> EXCERPTED DATA
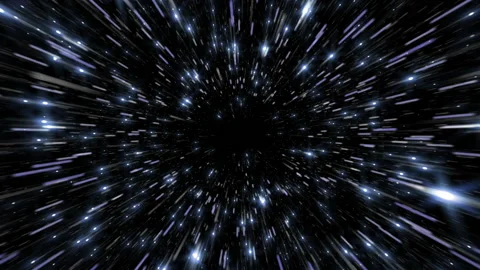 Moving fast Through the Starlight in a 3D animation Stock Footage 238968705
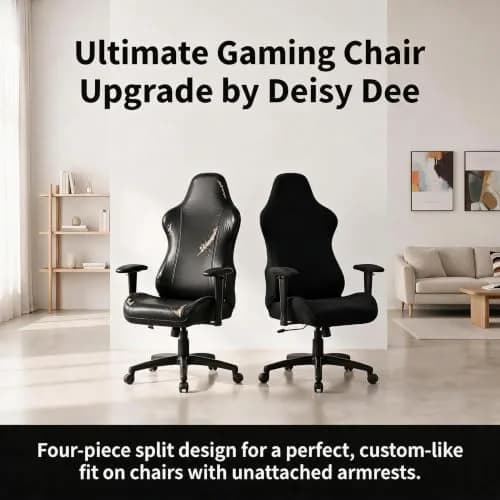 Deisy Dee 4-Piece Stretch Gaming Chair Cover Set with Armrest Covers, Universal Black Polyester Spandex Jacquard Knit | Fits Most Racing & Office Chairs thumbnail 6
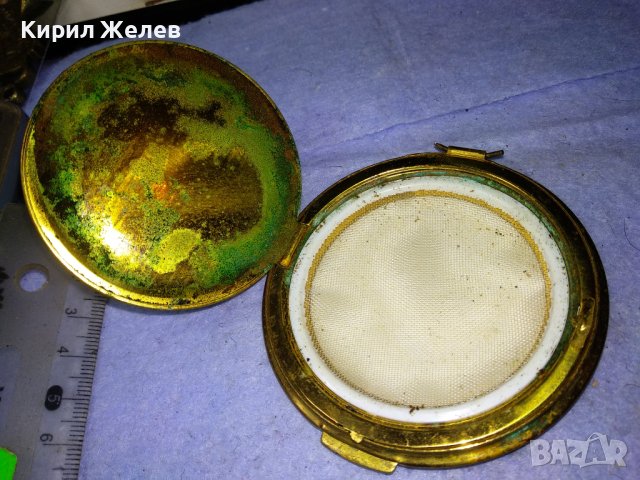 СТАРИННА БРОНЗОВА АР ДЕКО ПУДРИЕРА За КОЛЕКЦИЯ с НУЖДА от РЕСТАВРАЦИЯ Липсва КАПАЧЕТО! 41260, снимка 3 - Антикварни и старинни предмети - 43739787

==

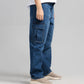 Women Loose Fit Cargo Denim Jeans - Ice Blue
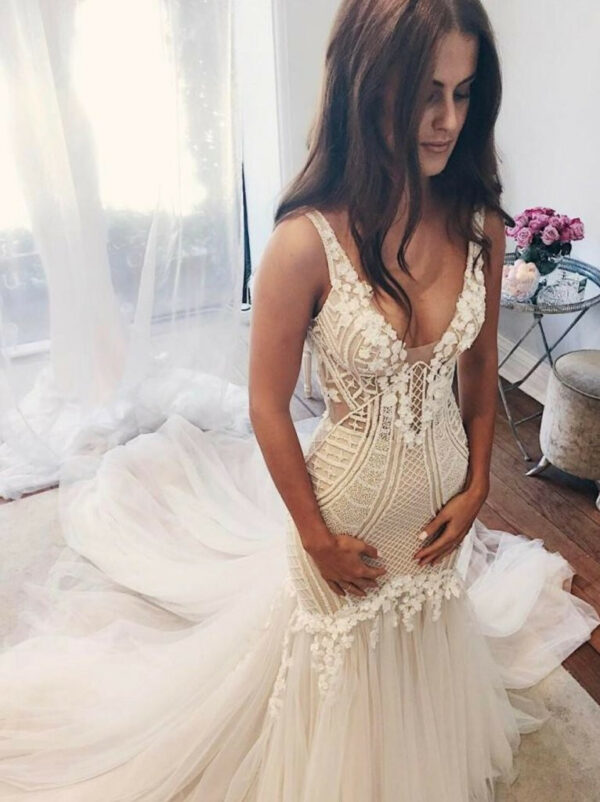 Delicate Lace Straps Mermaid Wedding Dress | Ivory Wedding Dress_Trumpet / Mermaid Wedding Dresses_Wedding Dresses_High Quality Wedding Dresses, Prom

...

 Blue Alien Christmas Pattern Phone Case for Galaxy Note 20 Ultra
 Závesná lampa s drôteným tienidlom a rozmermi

> EXERCISE GOAL
Here the job is to copy the stretch of records from the line containing "Moving fast Through" through the line containing "СТАРИННА БРОНЗОВА АР", word for word. Leave every picture out.

> ANSWER TO THE PROBLEM
 Moving fast Through the Starlight in a 3D animation Stock Footage 238968705
 Deisy Dee 4-Piece Stretch Gaming Chair Cover Set with Armrest Covers, Universal Black Polyester Spandex Jacquard Knit | Fits Most Racing & Office Chairs thumbnail 6
 СТАРИННА БРОНЗОВА АР ДЕКО ПУДРИЕРА За КОЛЕКЦИЯ с НУЖДА от РЕСТАВРАЦИЯ Липсва КАПАЧЕТО! 41260, снимка 3 - Антикварни и старинни предмети - 43739787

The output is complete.